Her opponents dialled her parents' home and bellowed out poisonous threats. They burst into her classroom and screamed that she was "a slut, a whore, a prostitute". They attacked her on the street and stormed the stage during a concert in Oslo. She moved to London and relaunched herself as Deeyah, "the Muslim Madonna". With a touching naivety, she thought that Britain would be a safer country to work in than Norway. (She had visited as a child and been impressed to see Asian women outdoors in Western dresses without men attacking them.)
One thought disturbed her reverie: "Why do I have this market all to myself? Why am I the only Muslim woman on the scene?"
She soon found out. She was forced to hire bodyguards. She was spat at in the street and warned that she would be cut into pieces. Deeyah could not take it. She and her liberal parents were living in fear. She announced that she was giving up on her dream of being a star, and fleeing the horrors of Europe in 2007 to find sanctuary in America.

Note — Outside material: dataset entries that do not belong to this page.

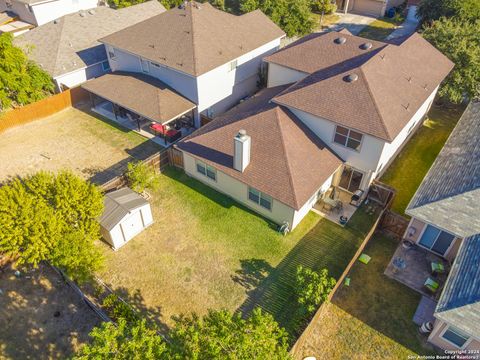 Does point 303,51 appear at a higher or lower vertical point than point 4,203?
higher

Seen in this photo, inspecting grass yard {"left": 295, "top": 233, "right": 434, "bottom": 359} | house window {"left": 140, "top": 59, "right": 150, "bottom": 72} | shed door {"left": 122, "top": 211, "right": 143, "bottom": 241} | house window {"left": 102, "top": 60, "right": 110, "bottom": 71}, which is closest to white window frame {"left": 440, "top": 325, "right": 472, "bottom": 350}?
grass yard {"left": 295, "top": 233, "right": 434, "bottom": 359}

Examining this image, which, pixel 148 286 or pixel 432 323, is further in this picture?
pixel 148 286

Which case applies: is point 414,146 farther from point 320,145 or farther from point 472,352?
point 472,352

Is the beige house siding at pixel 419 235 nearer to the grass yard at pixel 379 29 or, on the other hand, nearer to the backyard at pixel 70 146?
the backyard at pixel 70 146

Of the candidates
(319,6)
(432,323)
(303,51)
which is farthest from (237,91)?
(319,6)

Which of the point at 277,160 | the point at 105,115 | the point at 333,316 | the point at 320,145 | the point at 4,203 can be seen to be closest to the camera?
the point at 4,203

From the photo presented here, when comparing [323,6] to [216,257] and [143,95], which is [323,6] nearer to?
[143,95]

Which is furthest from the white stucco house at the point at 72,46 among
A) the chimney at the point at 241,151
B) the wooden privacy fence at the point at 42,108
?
the chimney at the point at 241,151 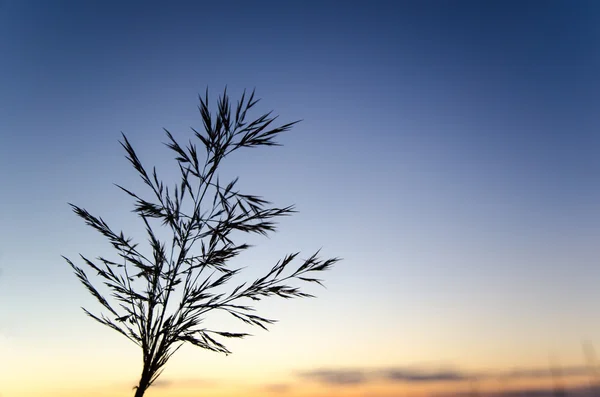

I am not being fanciful if I imagine that had her tormentors been Norwegian neo-Nazis or the BNP, Deeyah would have become an anti-racist hero: a Muslim Stephen Lawrence. Artists would make her struggle against prejudice their struggle. Politicians would invite her to Westminster and the European Parliament. The BBC would see to it that she was never off air. Liberal society would embrace her and define itself by its response to prejudice and violence.